Si vous développez un programme qui n’a de besoin de performances ou de temps de traitement faibles, alors privilégiez la lisibilité du code à son optimisation. Cela dit, si le programme évolue et nécessite des performances, il sera peut-être nécessaire de revoir son architecture.

Éviter l’usage abusif des chans. Les chans grèvent le fonctionnement du programme lorsqu’ils sont utilisés à haute fréquence pour faire de très petites tâches. Voilà quelques manières de contourner ce problème :

  • Pour éviter l’abus des chans passez par une phase de réflexion et d’architecture avant de coder. Le but est d’identifier au mieux les besoins en parallélisations pour les limiter au maximum. Il est également indispensable d’identifier les goroutines qui seront solliciter très souvent pour une charge de travail très faible. Au passage, vous pouvez tracer un graphe des communications entre goroutines afin d’éviter les dead-locks.
  • Identifiez et qualifiez les bibliothèques que vous embarquez dans votre programme. Go a pour avantage d’être très fourni en contributions, mais cela apporte un lot de code de mauvaise qualité.
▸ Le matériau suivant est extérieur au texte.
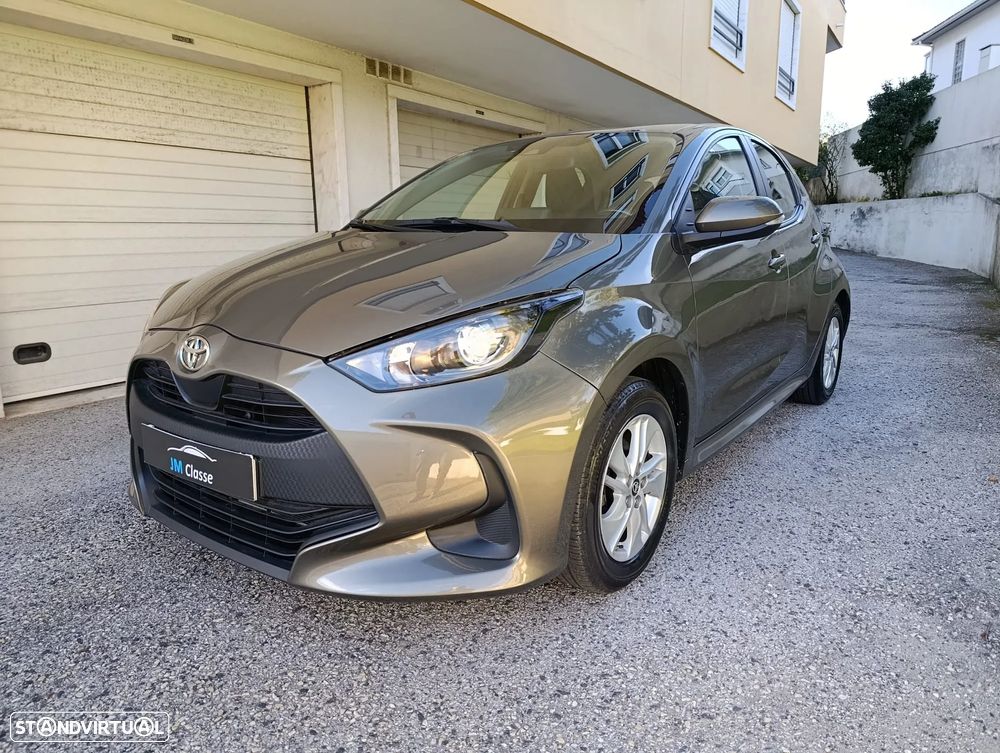 Toyota Yaris 1.0 VVT-i Exclusive - 3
Il est nécessaire d’identifier ces bibliothèques et de ne pas les utiliser.
  • Si la tâche est vraiment peu consommatrice en termes de CPU, pourquoi la mettre dans une goroutine dédiée et pas directement au cœur du code ? Privilégiez des goroutines qui ont une assez grande quantité de code à exécuter.
  • Il est peut-être acceptable de faire grossir artificiellement la tâche exécutée par la goroutine en lui donnant une liste de données plutôt qu’une donnée simple ? Ce grossissement ferra baisser la fréquence d’appel des chans. Dans le code d’exemple, j’arrive à atteindre le temps minimum de ~23s en faisant des batch de traitement de 1000 strings.
  • Réglez les tailles des chan critiques. Je ne connais aucune méthode pour trouver une valeur optimale par le calcul, l’expérimentation sera probablement la solution. Mettez donc un maximum de métriques dans votre programme, il peut être de bon ton de mesurer le remplissage de certains chans, le nombre d’événements traités par seconde, ou tout autre indicateur pertinent. Par ailleurs, il sera très pratique de rendre les taille de chans et les nombre de worker configurables.